NERSCPowering Scientific Discovery Since 1974


MAP from Allinea Software is a parallel profiler with a simple graphical user interface. It is installed on Edison, Cori and Babbage.

Note that the performance of the X Windows-based MAP Graphical User Interface can be greatly improved if used in conjunction with the free NX software.


Allinea MAP is a parallel profiler with simple Graphical User Interface. MAP can be run with up to 512 processors, to profile serial, OpenMP and MPI codes.

The Allinea MAP web page and 'Allinea Forge User Guide' (available as $ALLINEA_TOOLS_DOCDIR/userguide-forge.pdf after loading an allineatools module or the Allineas Forge User Guide web page) are good resources for learning more about some of the advanced MAP features.

Loading the Allinea Tools Module

To use MAP, first load the 'allineatools' module to set the correct environment settings:

% module load allineatools

Compiling Code to Run with MAP

To collect performance data, MAP uses two small libraries: MAP sampler (map-sampler) and MPI wrapper (map-sampler-pmpi) libraries.
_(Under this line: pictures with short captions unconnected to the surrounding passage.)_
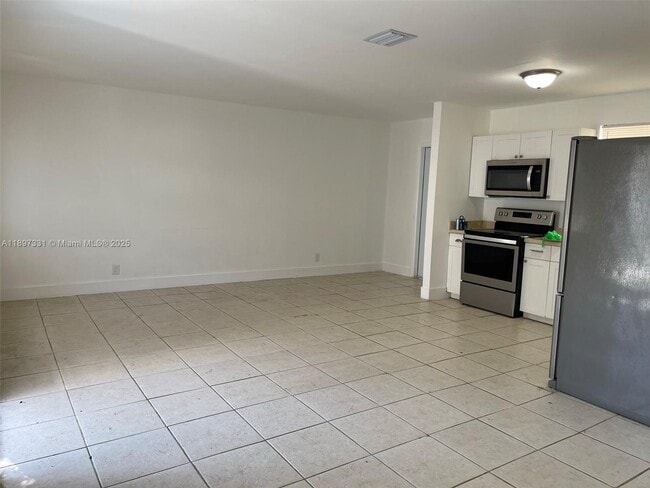 Photo - 1842 Madison St Unidad 1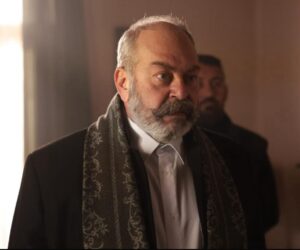 ali düşenkalkar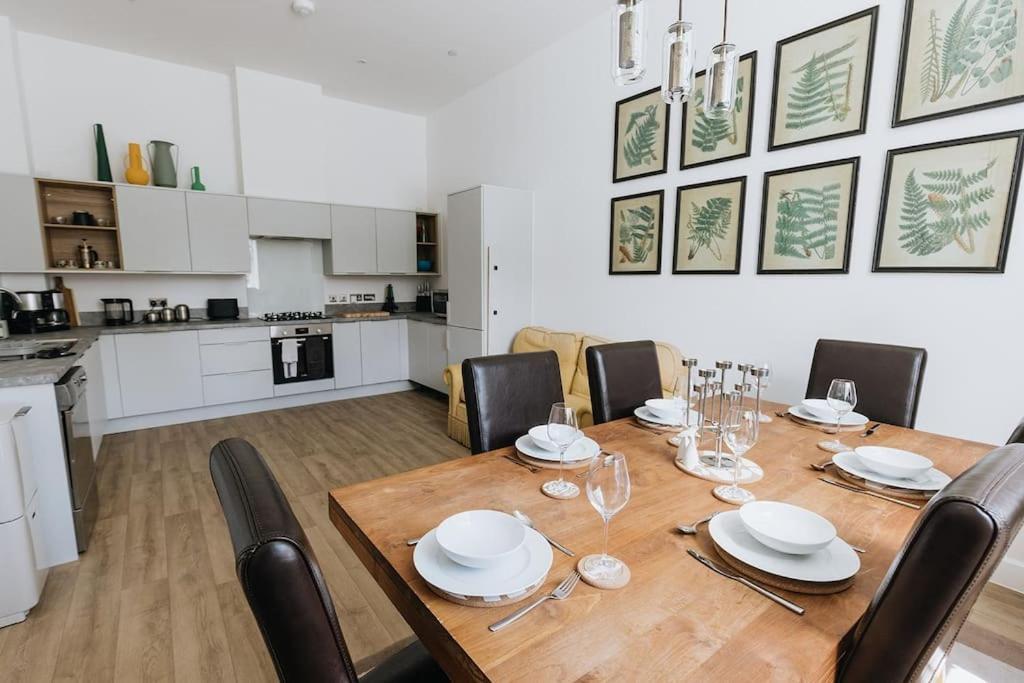 Bobbin Row - Grade 2 Listed Property With A Beautiful Design With Access To Leeds Leeds  Exterior foto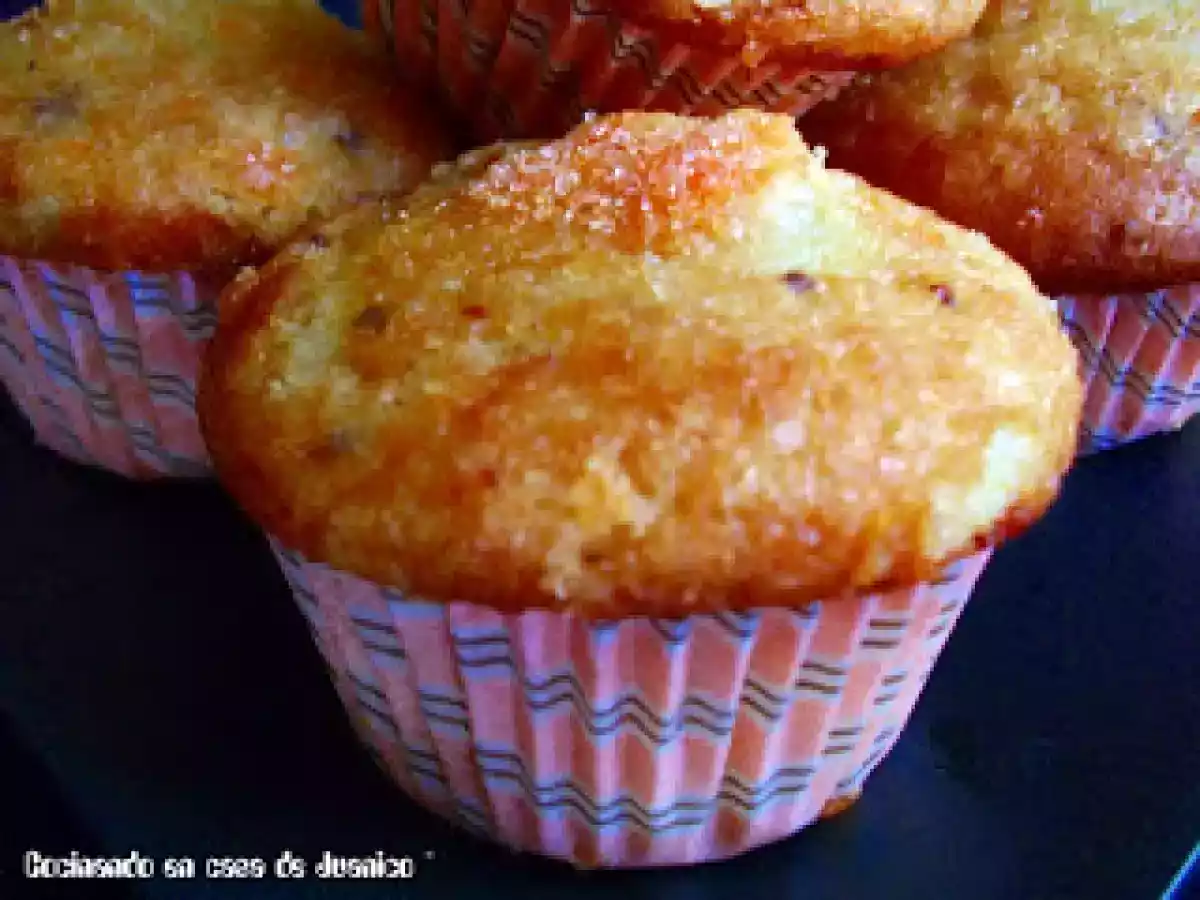 Magdalenas de arándanos y naranja - foto 4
These must be used with your program, which can be done relatively easily with dynamic linking on Babbage. There are somewhat strict rules regarding linking order among object codes and these libraries (please read the User Guide for detailed information). But if you follow the instructions printed by MAP utility scripts, then it is very likely your code will run with MAP.

Your program must be compiled with the -g option to keep debugging symbols, together with optimization flags that you would normally use. If you use the Cray compiler on the Cray machines, we recommend the -G2 option.

Below we show build instructions using a Fortran case, but the C or C++ usage is the same.

On Babbage

The libraries are built and preloaded at runtime when the default dynamic linking is used. So building an executable can be done easily:

% mpiifort -mmic -g -c testMAP.f
% mpiifort -mmic -o testMAP_ex testMAP.o

On Cray Machines

Buidling an executable for MAP is more complicated on Cray machines. First, you need to explicitly build the MAP sampler and MPI wrapper libraries using 'make-profiler-libraries', and link your executable against them.

To build a statically-linked executable, follow this procedure. It creates a plain text file 'allinea-profiler.ld' which contains suggested options for linking the map libraries. You only need to use '-Wl,@/your/directory/allinea-profiler.ld' flag with this file in your link command in order to use the options contained in the file.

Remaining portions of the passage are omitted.